Sebelum pandemi, langkah-langkah ini telah stabil selama lebih dari satu dekade.
Para pemimpin panti jompo juga melaporkan bahwa mereka memikul "beban kekhawatiran" yang sangat besar mengenai kesehatan mental dan kesejahteraan staf mereka, yang menambah stres dan kelelahan mereka.
Beberapa pemimpin mengatakan bahwa mereka sedang mempertimbangkan untuk mengundurkan diri atau pensiun dari keperawatan, dengan alasan beban kerja dan stres yang luar biasa, kurangnya dukungan dan pengakuan, merasa tidak efektif dan pribadi
Temuan studi ini memberikan gambaran yang mengkhawatirkan tentang para pemimpin yang mengalami kelelahan secara emosional, mental dan fisik ketika mereka berusaha untuk memenuhi kebutuhan dan harapan penghuni, keluarga, manajemen senior, staf, regulator, dan masyarakat selama periode yang sangat kacau.
Dan itu belum berakhir. Mereka terus menghadapi penghuni dan staf yang sakit, dan kekurangan staf yang membuat mereka tidak dapat memberikan perawatan yang dibutuhkan penghuni. COVID dan dampaknya yang terus berlanjut belum hilang.
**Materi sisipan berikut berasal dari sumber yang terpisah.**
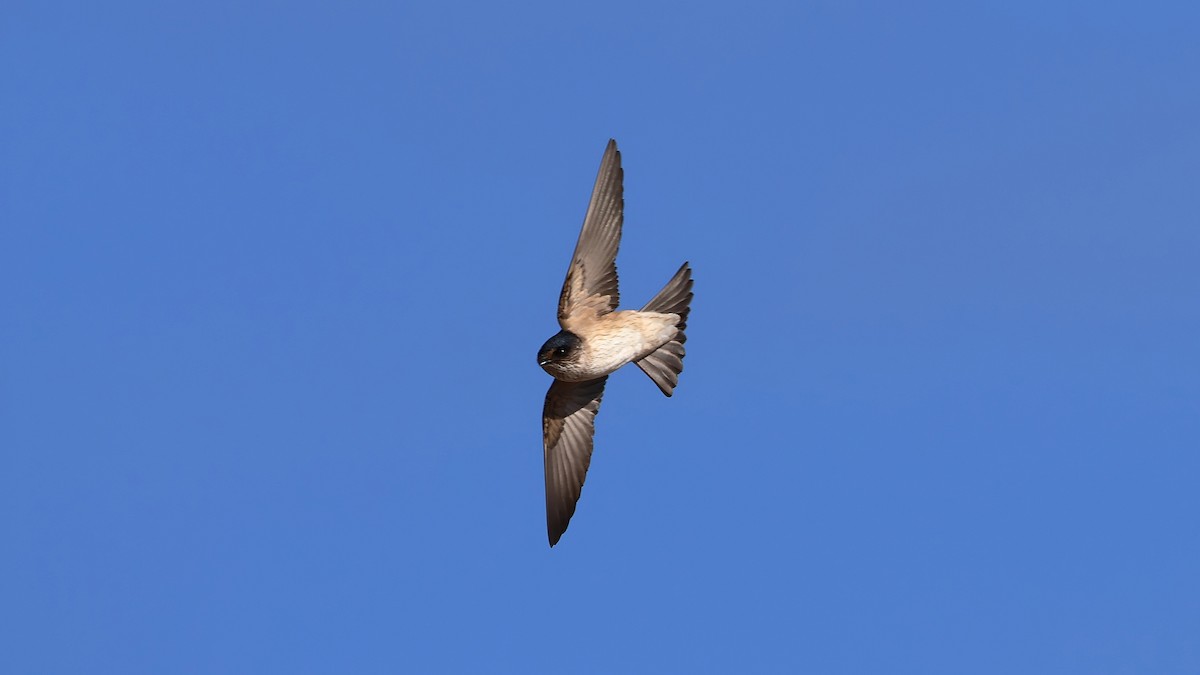 Tree Martin - ML637968653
Mengingat kekurangan tenaga kerja yang serius dan masalah-masalah lain yang dihadapi panti jompo, kita tidak bisa mengabaikan temuan ini. Pemerintah dan pembuat kebijakan perlu bertindak sekarang untuk mengatasi masalah yang muncul dan menemukan cara untuk mendukung para pemimpin ini.